→ **AIM OF THE TASK**
An exact copy of the lines of the listing below between the "To the right, various" line and the "Slide: The Image of 2022" line, both included, is the whole answer; please omit the pictures.

→ **EXERCISE INPUT**
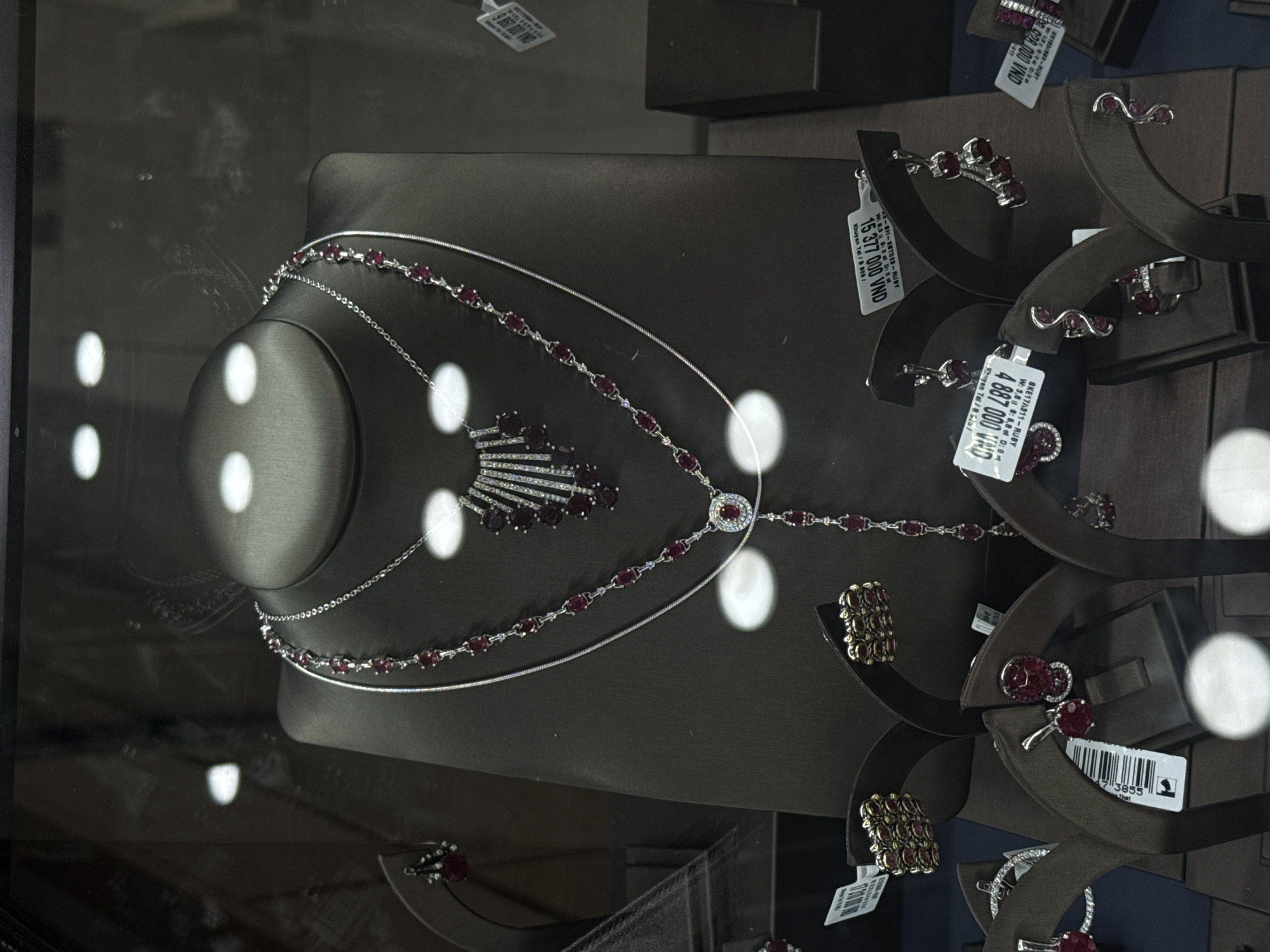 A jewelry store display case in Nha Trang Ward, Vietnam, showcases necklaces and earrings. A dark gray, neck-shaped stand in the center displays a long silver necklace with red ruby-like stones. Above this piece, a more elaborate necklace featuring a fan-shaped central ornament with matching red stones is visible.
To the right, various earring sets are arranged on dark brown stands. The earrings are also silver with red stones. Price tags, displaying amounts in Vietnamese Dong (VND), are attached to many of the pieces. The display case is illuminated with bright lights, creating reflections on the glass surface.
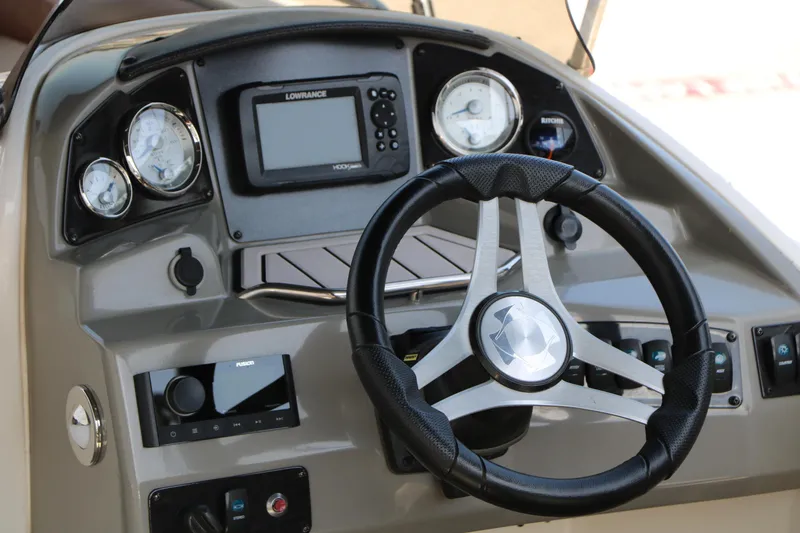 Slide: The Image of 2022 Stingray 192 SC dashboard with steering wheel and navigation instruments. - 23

---

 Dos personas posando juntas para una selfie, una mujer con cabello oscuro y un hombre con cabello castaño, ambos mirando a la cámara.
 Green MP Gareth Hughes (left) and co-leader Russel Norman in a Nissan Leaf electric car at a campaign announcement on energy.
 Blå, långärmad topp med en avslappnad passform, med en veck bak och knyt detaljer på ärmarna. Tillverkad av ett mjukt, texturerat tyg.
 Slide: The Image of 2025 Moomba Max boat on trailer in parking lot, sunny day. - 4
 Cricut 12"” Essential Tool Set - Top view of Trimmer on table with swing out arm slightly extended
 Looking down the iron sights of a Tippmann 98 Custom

→ **RESPONSE AREA**
To the right, various earring sets are arranged on dark brown stands. The earrings are also silver with red stones. Price tags, displaying amounts in Vietnamese Dong (VND), are attached to many of the pieces. The display case is illuminated with bright lights, creating reflections on the glass surface.
 Slide: The Image of 2022 Stingray 192 SC dashboard with steering wheel and navigation instruments. - 23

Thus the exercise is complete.